Chaos and Reliability Engineering techniques are quickly gaining traction as essential disciplines to building reliable applications. Many organizations have embraced Chaos Engineering over the last few years.
Creating reliable software is a fundamental necessity for modern cloud applications and architectures. As we move to the cloud or rearchitect our systems to be cloud native, our systems are becoming distributed by design and the potential for unplanned failure and unexpected outages increases significantly. Additionally, moving to DevOps further complicated reliability testing.
The importance of testing for reliability
Testing disciplines like QA and others emerged in response to something that breaks consistently and warrants a particular testing methodology.
For example, unit tests verify that the code we write does what it's supposed to. Integration tests verify that code we wrote plays nicely with the rest of the codebase. Sometimes we have system tests that attempt to verify that the entire system conforms to design specifications.
Traditionally, development teams would pass their code to be tested in order to verify that it worked as expected or to find issues that needed to be fixed.
At this point, the code would be tossed over the proverbial wall to an operations team whose job it was to make that code run in a production environment. Operations bore the responsibility for getting stuff running, and because of the uniqueness of each organization's environment, individual operations teams would come up with their own strategies and plans.
DevOps merged the development and operations teams together and made them share responsibility for production readiness and deployment. Agile and DevOps software processes have increased our development and deployment velocity by orders of magnitude so we can get products and features to customers faster.
But, the faster code is created and checked into master, the more frequently QA has to write tests and the more tests are needed. With faster velocity, the chances that an occasional error will slip past grow higher. To keep up, testing has been automated as much as possible.

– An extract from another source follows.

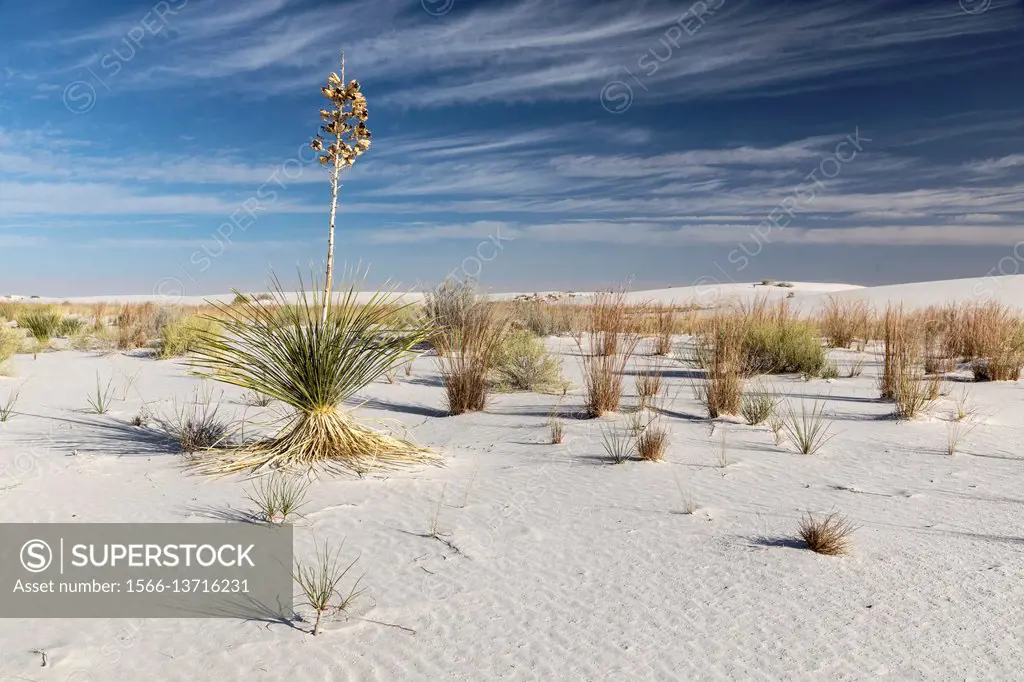 White Gypsum Sand Dunes, White Sands National Monument, New Mexico, USA.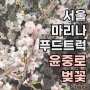 여의도 윤중로 벚꽃 후기 마리나 앞 푸드트럭 간단후기 2024.04.04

Additionally, as we moved to microservices and other distributed, cloud-based architectures. These distributed systems have emergent behaviors, responding to various production conditions by scaling up and down in order to make sure the application can deliver a seamless experience to increasing customer demands. In other words, these systems never follow the same path to arrive at the customer experience. Emergent behaviors also means emergent failures. Distributed systems will fail, but it's unlikely that they will fail the same way twice.
Our previous understanding of tests do not account for the unique and constantly changing production environments of today. The Ops side of DevOps does its best to make things work, but their mandate frequently only covers getting the code into production and hoping for the best or rolling back changes or making hotfixes when failures occur. They automate some testing, but don't typically run tests that would uncover system failure arising from turbulent conditions in production.
Traditional QA is not enough anymore
Traditional quality assurance only covers the application layer of our software stack. And no amount of traditional QA testing or other traditional testing is going to verify whether our application, its various services, or the entire system will respond reliably under any condition, whether "working as designed" or under extreme loads and unusual circumstances.
A failure at any software stack or application layer can disrupt the customer experience. Traditional QA testing methods will not catch any of these potential problem conditions before they actually happen.
Furthermore, most traditional QA activities were absorbed into other teams. Many tests are now automated by CI/CD pipelines and watched over by an SRE or DevOps team. The responsibility for finding and fixing problems has become the responsibility of service owners. Adding to that is the undeniable fact that it is impossible to make testing and staging environments that accurately mimic production environments.
How does Chaos Engineering help testing evolve?
Because Chaos Engineering can test the quality of code at runtime, and has the potential for both automated and manual forms of testing, the discipline emerged as a powerful tool in the new Quality Assessment toolbox.
Earlier we explained how distributed systems are constantly changing, which means they'll never break the same way twice, but that they will break. Chaos Engineering helps businesses mitigate this risk by allowing engineers to simulate how their systems will respond to failures in a safe and controlled environment.
We use chaos experiments to simulate things on canary instances that we know have the potential to cause problems, like network latency. Does the new service hold up under light testing? Medium? Heavy? We push the new instances hard. In production. We gradually build up and even test past the point where we expect things to work. And we learn things. What we learn often creates opportunities to refine our work further in the next build.
Chaos Engineering is the only way to find systemic issues in today's complex reality, regardless of whether we use canary deployments or not. How will our REST API-driven inventory service behave when network latency increases by two microseconds? What happens when a large number of delayed requests all hit the microservice concurrently? How do we know? We test it.